It’s been a melancholic week, even with the serious basement cleaning that D and I accomplished last weekend. (I’m still on my mission to de-clutter.) Stella started back to school on Monday, and she is thrilled to be a second-grader. Thrilled. She comes home full of stories about her day and her new classmates, and I love this. But I can’t help that tug of emotion: She’s growing up too fast! There is nothing we can do to slow the onward march of time! I have also been missing my grandpa a lot this week. At the beginning of each school year, we would figure out which day would be my grandpa day, the day I would take him for errands, get groceries for him, or later, just visit him and make him lunch. This year, Wednesday is the day I have alone with Zoë, and it would have been my new grandpa day, and all day I felt heavy and disoriented knowing that those days are no longer a part of my life.
It doesn’t help, perhaps, that I’m reading Virginia Woolf’s The Death of the Moth and Other Essays. As I make my way through the collection of essays, I keep thinking of my need to make connections, to share experience. But it seems so futile sometimes. Or maybe it’s just that it’s so much work—it takes so much effort—to continue to move forward, stay open to new experiences in the face of the challenges that life provides. Does it sound like a need some kind of renewal? I do.
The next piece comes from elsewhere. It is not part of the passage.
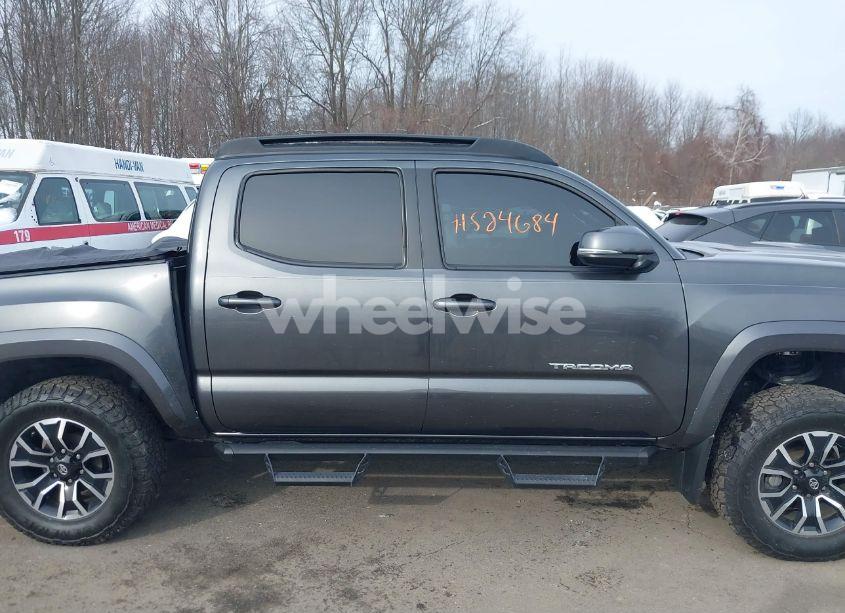 Photo 13 of 2020 Toyota Tacoma (VIN 3TMCZ5AN5LM294572)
My goal for the weekend is to sneak away a few times and sit outside, reading Woolf. Her prose. Oh her prose. I love this:
The rooks too were keeping one of their annual festivities; soaring round the tree tops until it looked as if a vast net with thousands of black knots in it had been cast up into the air; which, after a few moments sank slowly down upon the trees until every twig seemed to have a knot at the end of it.
What’s not to love about that?
I’m wishing you all a lovely, relaxing long holiday weekend.